## Information shown
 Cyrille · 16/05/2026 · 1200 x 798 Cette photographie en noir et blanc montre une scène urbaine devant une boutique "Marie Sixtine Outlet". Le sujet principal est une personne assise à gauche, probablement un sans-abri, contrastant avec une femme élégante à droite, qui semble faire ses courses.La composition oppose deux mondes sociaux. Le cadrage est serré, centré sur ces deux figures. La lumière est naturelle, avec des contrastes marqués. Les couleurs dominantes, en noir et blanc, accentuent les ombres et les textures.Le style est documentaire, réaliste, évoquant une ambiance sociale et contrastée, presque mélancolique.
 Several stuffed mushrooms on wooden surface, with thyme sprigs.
...
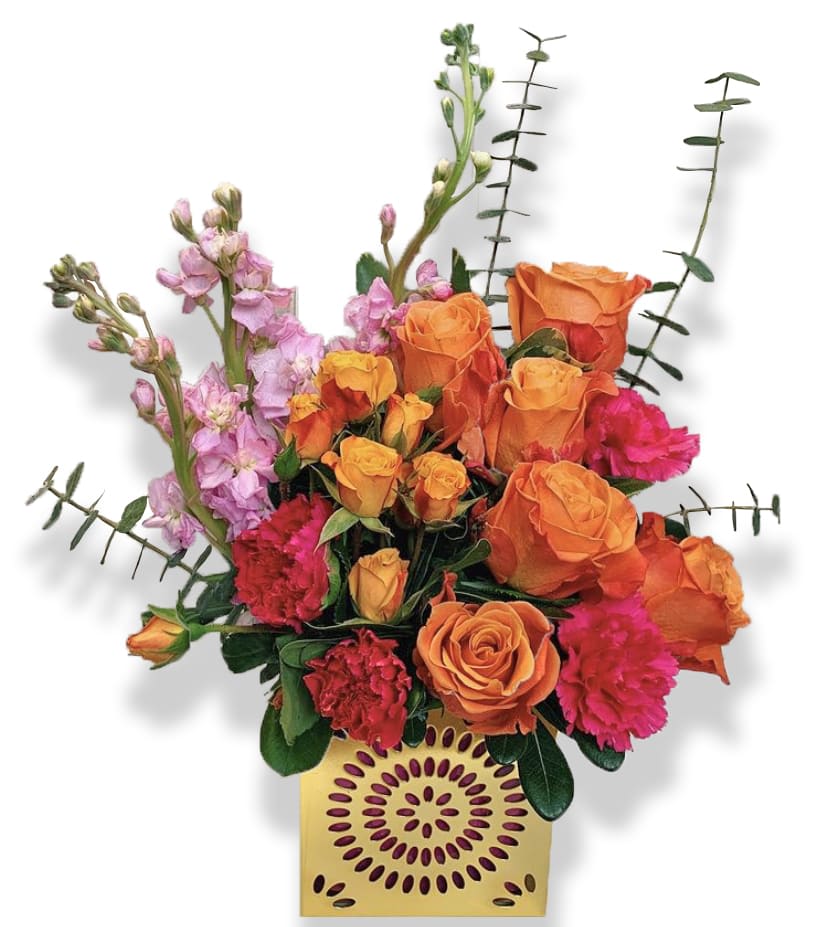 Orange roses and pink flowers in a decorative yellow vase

## Exercise objective
Of the entries listed above, reproduce only the lines starting at the line containing "Cyrille · 16/05/2026" and ending at the line containing "Several stuffed mushrooms". Include both, exactly as they stand.

## Result of the exercise
 Cyrille · 16/05/2026 · 1200 x 798 Cette photographie en noir et blanc montre une scène urbaine devant une boutique "Marie Sixtine Outlet". Le sujet principal est une personne assise à gauche, probablement un sans-abri, contrastant avec une femme élégante à droite, qui semble faire ses courses.La composition oppose deux mondes sociaux. Le cadrage est serré, centré sur ces deux figures. La lumière est naturelle, avec des contrastes marqués. Les couleurs dominantes, en noir et blanc, accentuent les ombres et les textures.Le style est documentaire, réaliste, évoquant une ambiance sociale et contrastée, presque mélancolique.
 Several stuffed mushrooms on wooden surface, with thyme sprigs.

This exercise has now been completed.